Oliver also used the egg-shell theory when discussing the challenge of factoring in rotational acceleration, or hits that are not straight-on. 

“We know quite a bit about concussions as a result of linear acceleration, or a straight hit to the head where the head moves in one direction. Helmets do a really good job of handling that energy,” he said. “More than half of concussions are caused when the brain inside the skull rotates, or the skull rotates on an angular acceleration. It’s very difficult to address that energy with a helmet. You can protect the shell, but the yolk inside that shell moves independently.”

That’s just one of the obstacles facing engineers. The rotational acceleration and low-level hits that occur at high frequency throughout a single game are among things that helmet manufacturers are attempting to factor in with their latest technology and designs.

“(Helmet manufacturers) began to change the design to help mitigate the forces to the head and to the brain,” said Guskiewicz.

Dr. Stefan Duma developed a star-rating system for evaluating helmets at Virginia Tech. Duma’s system is considered by some to be a positive step in narrowing down which helmets are best at reducing the risk of concussions, but others criticize the study. That will be further detailed in Part Three of this series. Duma commented on how helmet technology has improved over the years.

“If you look at helmet performance, it has progressed quite well over several decades,” he said. “Manufacturers are able to come out with optimized helmets to reduce the risk of concussion.”

“Over the past decade, we have noticed a considerable change in the aesthetics of a football helmet,” said Giants equipment manager Joe Skiba, who is on the league’s Subcommittee on Safety Equipment and Playing Rules. “The continuous data received from research has resulted in the evolution of the materials used and padding configuration in helmets. It has been a positive progression. The design of today’s helmet is such that the helmet and facemask work in conjunction to aid in player safety.”
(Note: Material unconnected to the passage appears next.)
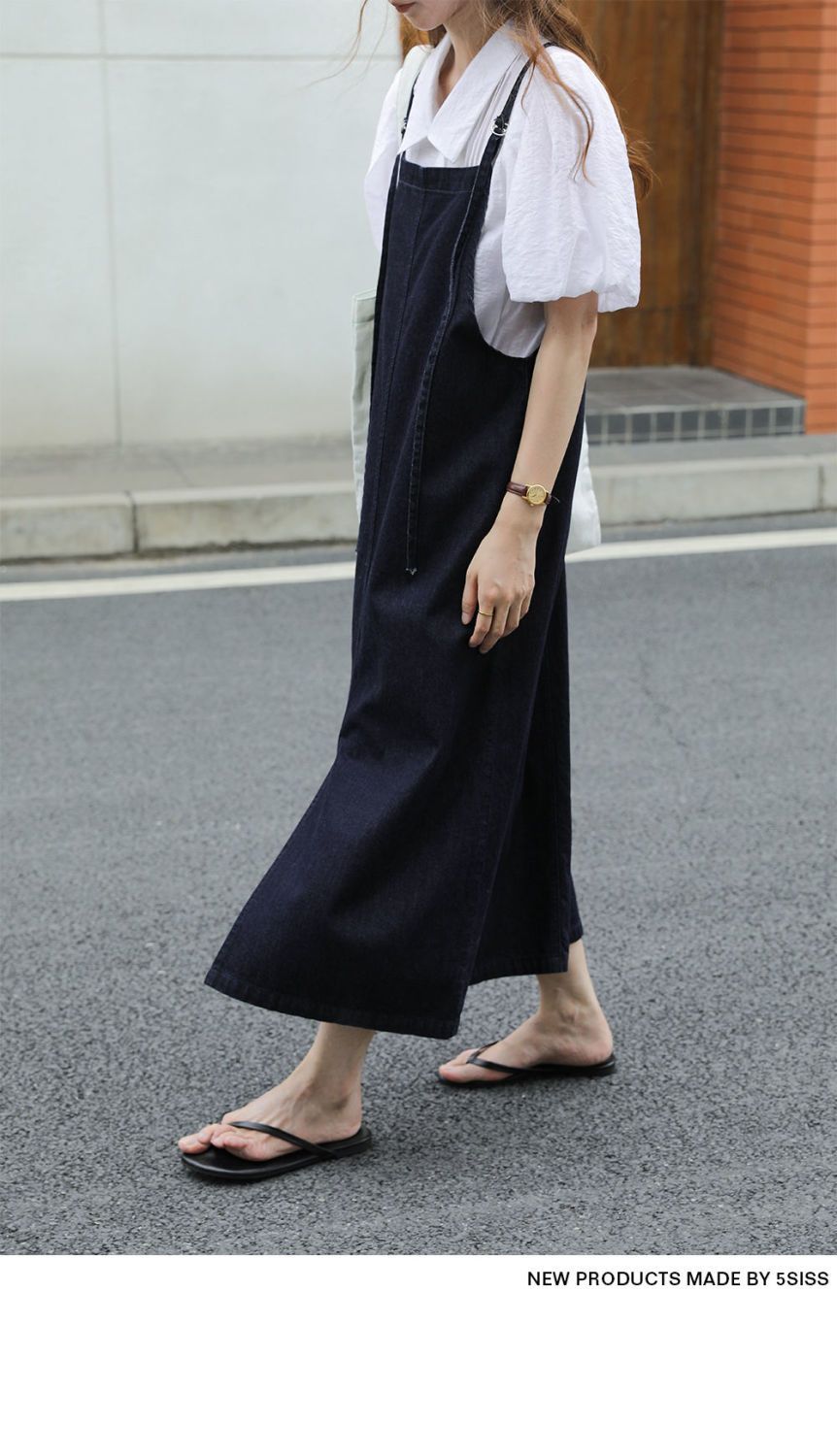 デニムファッション シンプル細ストラップデニムマキシワンピース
Several experts emphasized how the fit of a helmet is very important for players when they choose one, and that can factor in protecting the brain inside their skull. Skiba explained what he tells players when they try on helmets.

“First and foremost, the message that we would like to convey is that no helmet can prevent the mechanism of a concussion. However, today’s helmets reduce the severity of impact,” he said. “We use helmets that incorporate all the latest technology. Beyond that, obviously the fit and feel of the helmet are important. The top priorities in everything we do are player safety and performance.”
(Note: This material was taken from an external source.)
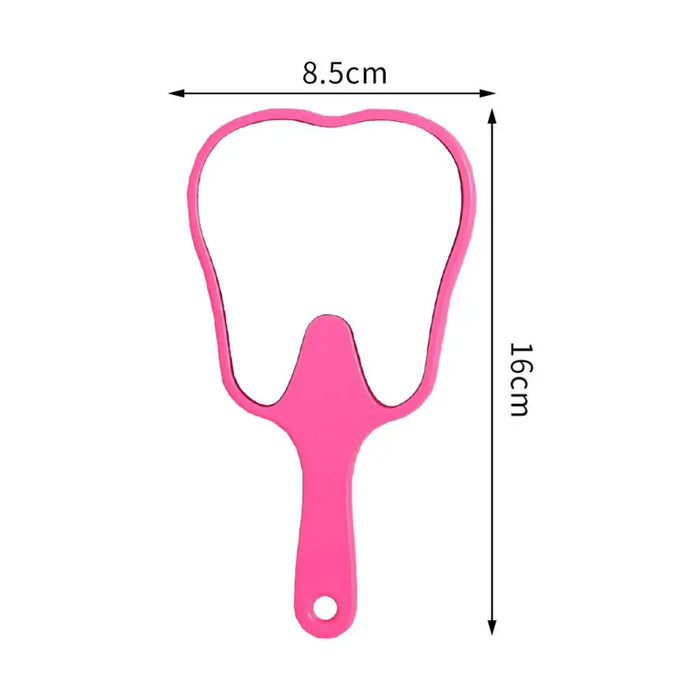 Tooth Shaped Handheld Mirror Practical PVC High Definition Dental Mirrors Makeup Mirror Gift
Players have more helmet choices today than ever before. It’s no longer just Riddell and Schutt. Vin Ferrara’s Xenith helmets, which use shock-absorbing technology, are relatively new to the NFL and increasing in popularity, and Rawlings recently re-entered the market.  

The increase in helmet makers permeating the NFL should only help the cause. We’re nearing training camp, when coaches and players always say that competition makes everyone better, and the same can be said in the helmet industry.

“We’ve had people imply that helmet makers are doing everything they can to maximize their profit, cutting corners on materials,” said Schutt’s Beckman. “We have every moral, ethical and financial incentive to make the best helmet we possibly can. Can you imagine how many helmets would be sold if they could prove empirically that you could prevent concussions? It’s in our best interests to make the best helmet we can.”

“We absolutely welcome competition,” said Thad Ide, senior vice president of research and product development at Riddell, the industry leader. “It makes everybody better. It makes us better. It drives innovation. It drives putting better helmet technology on the field. It’s better for the players, the league — it’s better for everybody.”